My graduate advisor in chemistry had a little story he told that was supposed to illustrate the dangers for scientists of falling in with the philosophers and historians and sociologists of science: A centipede is doing a beautiful and complicated dance. An ant walks up to the centipede and says, "That dance is lovely! How do you coordinate all your feet so perfectly to do it?" The centipede pauses to think about this and eventually replies, "I don't know." Then the centipede watches his feet and tries to do the dance again -- and can't!

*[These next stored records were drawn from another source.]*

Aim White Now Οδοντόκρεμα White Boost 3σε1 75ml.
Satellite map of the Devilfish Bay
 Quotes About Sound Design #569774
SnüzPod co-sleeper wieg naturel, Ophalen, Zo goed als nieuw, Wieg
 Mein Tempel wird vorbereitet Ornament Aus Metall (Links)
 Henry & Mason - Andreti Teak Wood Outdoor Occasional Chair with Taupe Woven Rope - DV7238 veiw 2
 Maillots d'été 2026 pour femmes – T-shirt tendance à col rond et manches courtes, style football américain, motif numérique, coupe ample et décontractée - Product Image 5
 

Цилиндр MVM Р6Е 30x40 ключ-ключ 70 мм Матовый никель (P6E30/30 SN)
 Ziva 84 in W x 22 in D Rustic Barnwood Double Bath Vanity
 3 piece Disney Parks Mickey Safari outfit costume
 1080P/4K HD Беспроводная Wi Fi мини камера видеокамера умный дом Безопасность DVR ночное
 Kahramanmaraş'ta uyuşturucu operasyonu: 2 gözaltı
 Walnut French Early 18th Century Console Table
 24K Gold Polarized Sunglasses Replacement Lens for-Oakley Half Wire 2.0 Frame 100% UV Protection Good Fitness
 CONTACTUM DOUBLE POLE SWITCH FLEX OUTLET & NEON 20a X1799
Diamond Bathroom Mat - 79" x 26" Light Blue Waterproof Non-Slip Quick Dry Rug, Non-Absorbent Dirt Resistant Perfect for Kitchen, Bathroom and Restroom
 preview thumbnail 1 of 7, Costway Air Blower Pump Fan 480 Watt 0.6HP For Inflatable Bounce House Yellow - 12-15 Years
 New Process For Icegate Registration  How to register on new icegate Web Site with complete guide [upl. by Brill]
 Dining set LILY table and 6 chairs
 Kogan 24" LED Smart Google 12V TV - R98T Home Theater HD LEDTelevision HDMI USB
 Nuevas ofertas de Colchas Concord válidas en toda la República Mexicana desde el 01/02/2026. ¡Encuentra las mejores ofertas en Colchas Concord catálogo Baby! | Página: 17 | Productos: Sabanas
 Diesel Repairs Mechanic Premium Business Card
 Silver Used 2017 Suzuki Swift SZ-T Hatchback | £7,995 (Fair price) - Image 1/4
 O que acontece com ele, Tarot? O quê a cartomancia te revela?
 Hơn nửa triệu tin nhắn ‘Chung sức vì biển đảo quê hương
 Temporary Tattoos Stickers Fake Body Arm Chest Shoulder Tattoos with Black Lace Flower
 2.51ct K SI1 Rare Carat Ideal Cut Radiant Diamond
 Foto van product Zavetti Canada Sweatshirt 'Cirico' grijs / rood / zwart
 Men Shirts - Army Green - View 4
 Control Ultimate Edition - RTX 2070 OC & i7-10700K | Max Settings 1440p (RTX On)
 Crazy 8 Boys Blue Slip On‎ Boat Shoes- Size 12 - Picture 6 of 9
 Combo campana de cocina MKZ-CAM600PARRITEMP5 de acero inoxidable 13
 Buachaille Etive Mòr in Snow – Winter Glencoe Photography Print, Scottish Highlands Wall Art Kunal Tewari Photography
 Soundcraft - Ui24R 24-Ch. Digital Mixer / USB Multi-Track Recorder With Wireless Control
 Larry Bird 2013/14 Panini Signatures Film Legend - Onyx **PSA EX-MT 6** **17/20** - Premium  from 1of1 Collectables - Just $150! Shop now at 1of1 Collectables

The centipede could do the dance without knowing precisely how each foot was supposed to move relative to the others. A scientist can do science while taking the methodology of her field for granted. But having to give a philosophical account of or a justification for that methodology deeper than "this is what we do and it works pretty well for the problems we want to solve" may render that methodology strange looking and hard to keep using.
Then again, I'm told what Einstein did for physics had as much to do with proposing a (philosophical) reorganization of the theoretical territory as it did with new empirical data. So perhaps the odd scientist can put some philosophical training to good scientific use.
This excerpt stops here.